ISM Data Supports Sense of Return to Growth

There have been lots of metrics flying around this week. First we reported the GDP figures, heavily skewed to the upside because of a dramatic reduction in destocking but nevertheless supportive of a return to significant growth in the US economy. Now we have the Purchasing Managers Index (PMI) figures from the Institute of Supply Management (ISM) compared in a Reuters article with metrics from freight companies looking at container movements and airfreight traffic.

According to John Kemp writing in Reuters this week, the ISM’s composite index rose last month to 58.4,   its highest level since August 2004, as U.S. manufacturers reported a widespread pick up in business activity. Production at 66.2 and orders at 65.9 moved higher, and are far above the 50-point threshold dividing expanding activity from contraction. Firms reporting orders and output rose in January outnumbering those reporting declines by a margin of around 3-1, confirming the broad base of the rebound now underway.

The article went on to compare the positive ISM figures with reports of improved container traffic through west coast ports, specifically LA and Long Beach where the number of containers has risen consistently month over month in Q4 and January of Q1. Maybe more important, because they include the movement of goods manufactured in the US, railroad inter-modal container movements have been on an upward trend since the middle of last year and have now exceeded levels of this time last year which admittedly were being hit by the onset of the recession but it is a positive benchmark to exceed.

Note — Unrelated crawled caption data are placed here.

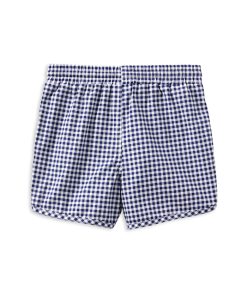Alternative view of Blue Gingham Board Shorts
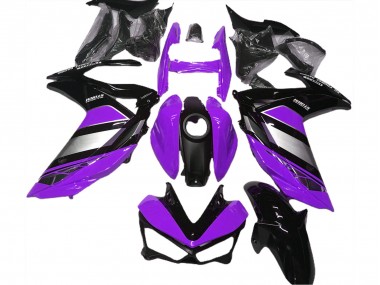 Purple Yamalube 2015-2018 R3 Motorcycle Fairing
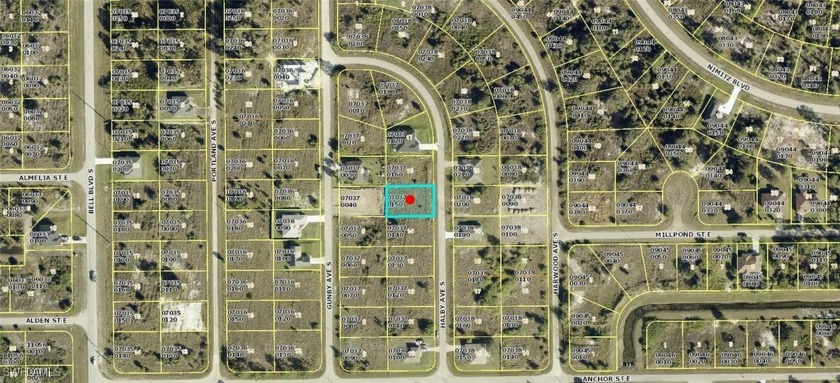 Excellent opportunity in an area with new construction homes - Beach Lot for sale in Lehigh Acres, Florida on Beachhouse.com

Airfreight traffic is also up, rising strongly in the last three months of 2009, as was the movements of chemicals up by 13% and approaching levels seen prior to the onset of the recession.

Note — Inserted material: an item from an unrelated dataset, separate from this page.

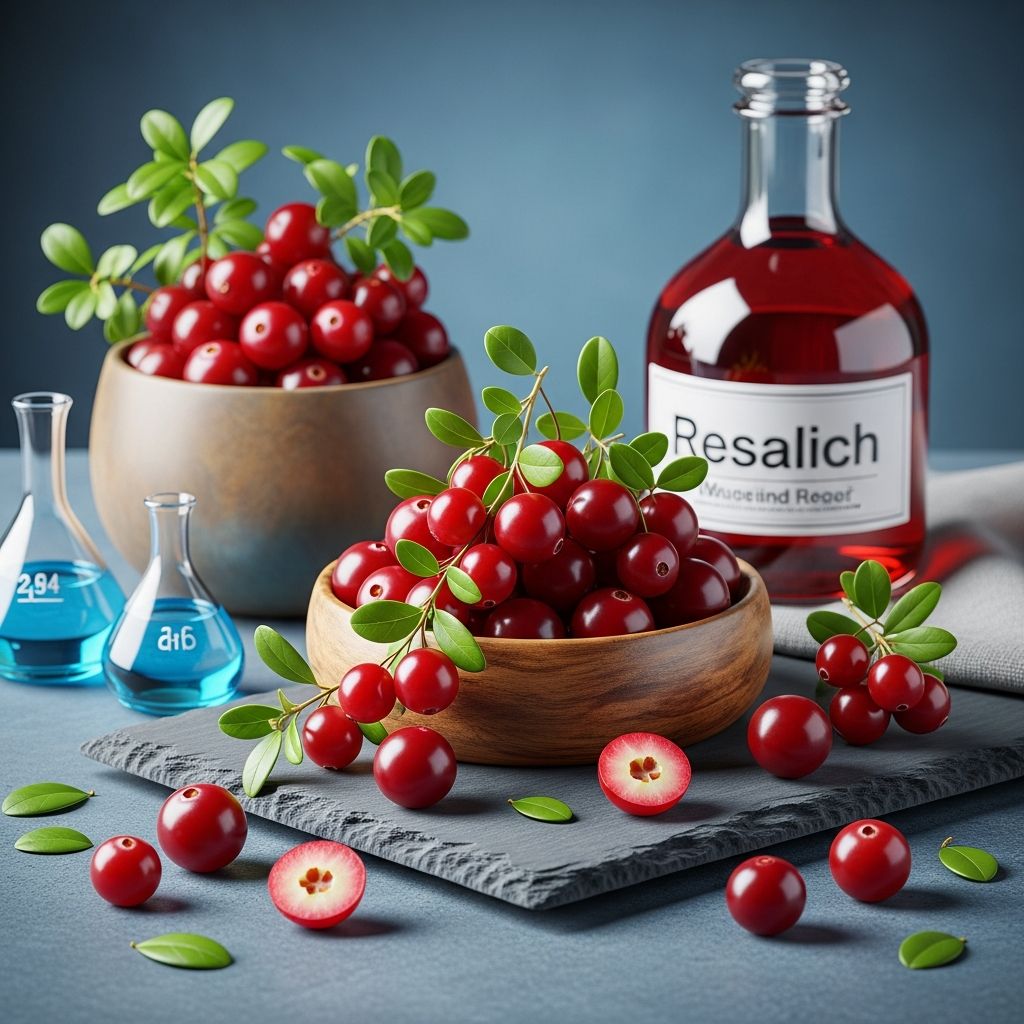 Discover the science-backed health benefits of cranberries for urinary tract and overall wellness.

All this is good news but we would caution against excessive exuberance. There is still the possibility of a fall back in the second quarter if confidence is knocked by any one of a dozen potential issues still on the horizon. We are seeing now how small adjustments to Chinese reserve requirements have made metals markets tumble underlining how fragile confidence is and how market prices are still carrying a high level of speculative expectation.